The new benchmark was built from real methodology diagrams extracted from NeurIPS 2025 papers, providing a realistic and standardized test set for measuring both aesthetic quality and structural faithfulness to the original scientific content. The picture below shows what the PaperBananaBench dataset looks like:

Dataset composition of PaperBananaBench diagrams (source: paper)

The final dataset consists of 584 valid samples divided into 292 test cases and 292 reference cases.

Experimental results

They tested PaperBanana on the PaperBananaBench benchmark, measuring its performance in four key areas: faithfulness, conciseness, readability, and visual quality. Across all dimensions, PaperBanana consistently achieved stronger results than the leading baseline systems (see the next table).

Main evaluation results on PaperBananaBench, with the best score in each column is highlighted in bold (source: paper)

Beyond methodology diagrams, the method extends to the generation of high-quality statistical plots, such as bar charts, line graphs, and scatter plots, addressing another common and time-consuming task in research workflows.

Case studies

1. Generating better methodology diagrams for research papers. When provided with the same source context and caption, the standard Nano-Banana-Pro model frequently produces diagrams with outdated color schemes and excessive textual content. In contrast, PaperBanana generates outputs that are more concise and visually appealing, while preserving fidelity to the original context.

PaperBanana case studies (source: paper)

2. Improving aesthetics of human‑drawn diagrams. One of PaperBanana’s notable use cases is improving the visual quality of manually created diagrams (see the picture below). Although such diagrams convey the correct structure, they may lack consistency in layout, typography, colors, or spacing, making them less suitable for publication. PaperBanana improves the aesthetics of these human-drawn diagrams. The system refines the layout, standardizes colors and fonts, and optimizes spacing and alignment, producing polished, publication-ready figures.

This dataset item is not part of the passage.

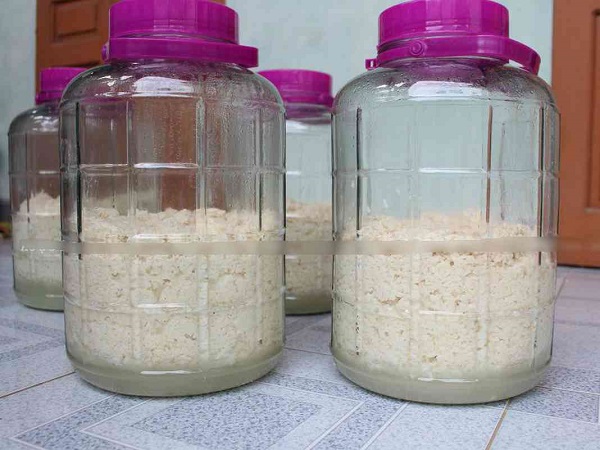 Ủ rượu gạo như thế nào tại nhà?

Example of enhancing aesthetics of human-drawn diagrams (source: paper)

3. Generating high‑quality statistical plots. PaperBanana extends beyond diagrams to produce publication‑ready statistical plots that rival traditional plotting code (e.g., generated by libraries like Matplotlib), using AI to produce both visually appealing and contextually accurate plots. This is especially useful when researchers want a consistent visual style across all their figures.The next picture examines the visualization of statistical plots using both code-based and image-generation approaches.

Case study for visualizing statistical plots with code and image generation (source: paper)

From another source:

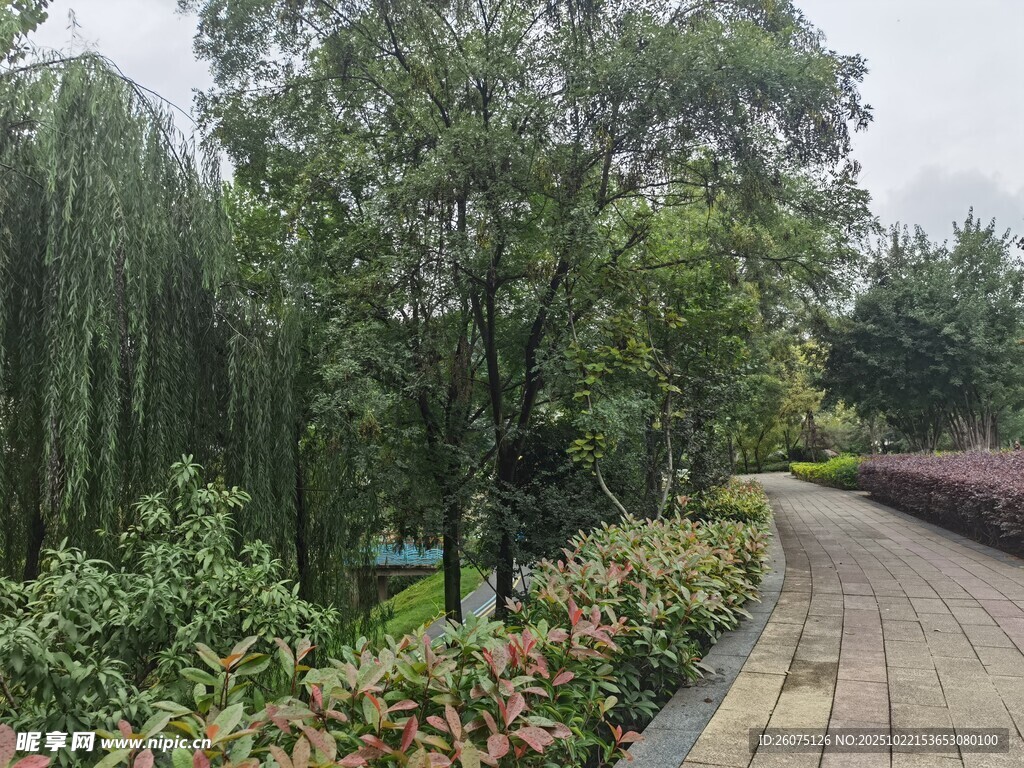 公园林荫步道美景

While the image-generation model produces more visually appealing plots, it is more prone to fidelity errors, including numerical inaccuracies and repeated elements.

Limitations

The main challenge is editing the outputs. For complex scientific diagrams, PaperBanana often creates high-quality images that behave like a single picture. Unlike vector files, these images cannot always be easily separated into individual elements in programs like Adobe Illustrator. However, for statistical plots, it often generates Matplotlib code, which is fully editable, so you can change the style, labels, and data easily.

Conclusion

PaperBanana is an advanced AI system that automates the creation of publication-ready academic illustrations from paper text or sketches, including methodology diagrams, flowcharts, model architectures, and statistical plots. It replaces the slow and repetitive manual workflow traditionally used to create figures, enabling researchers to focus on scientific ideas rather than graphic design.

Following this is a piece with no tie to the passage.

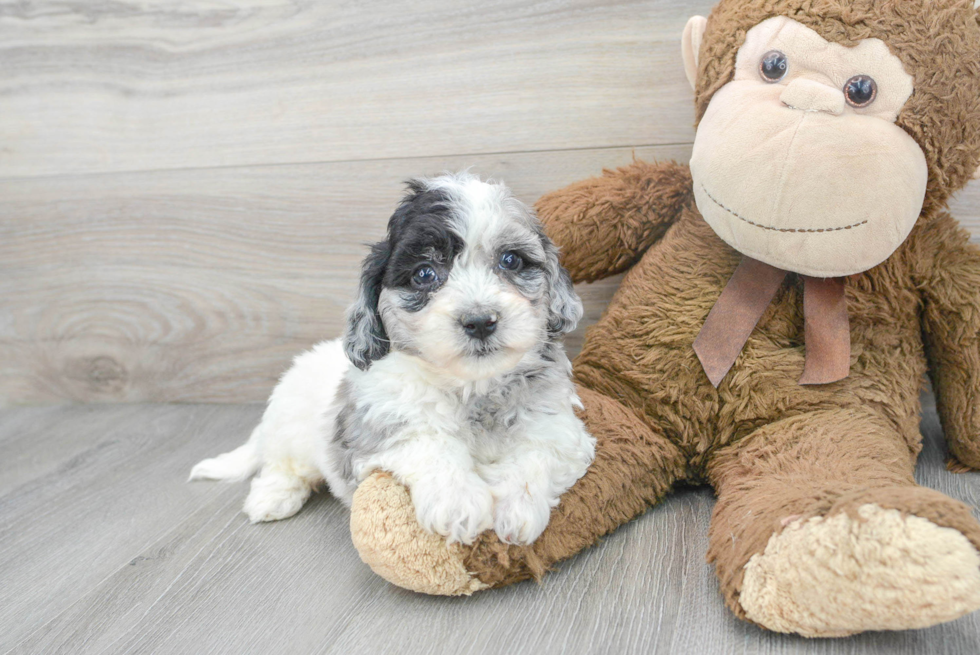 Happy Poochon Baby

PaperBanana’s multi-agent architecture generates better visually polished and scientifically accurate outputs, unlike general-purpose image generators (e.g., DALL·E, MidJourney), which prioritize aesthetics over scientific fidelity, or plotting libraries (e.g., Matplotlib), which require manual styling.

It represents a move toward a workflow where scientists describe their methods and concepts, and AI systems automatically translate them into clear, publication‑ready visualizations.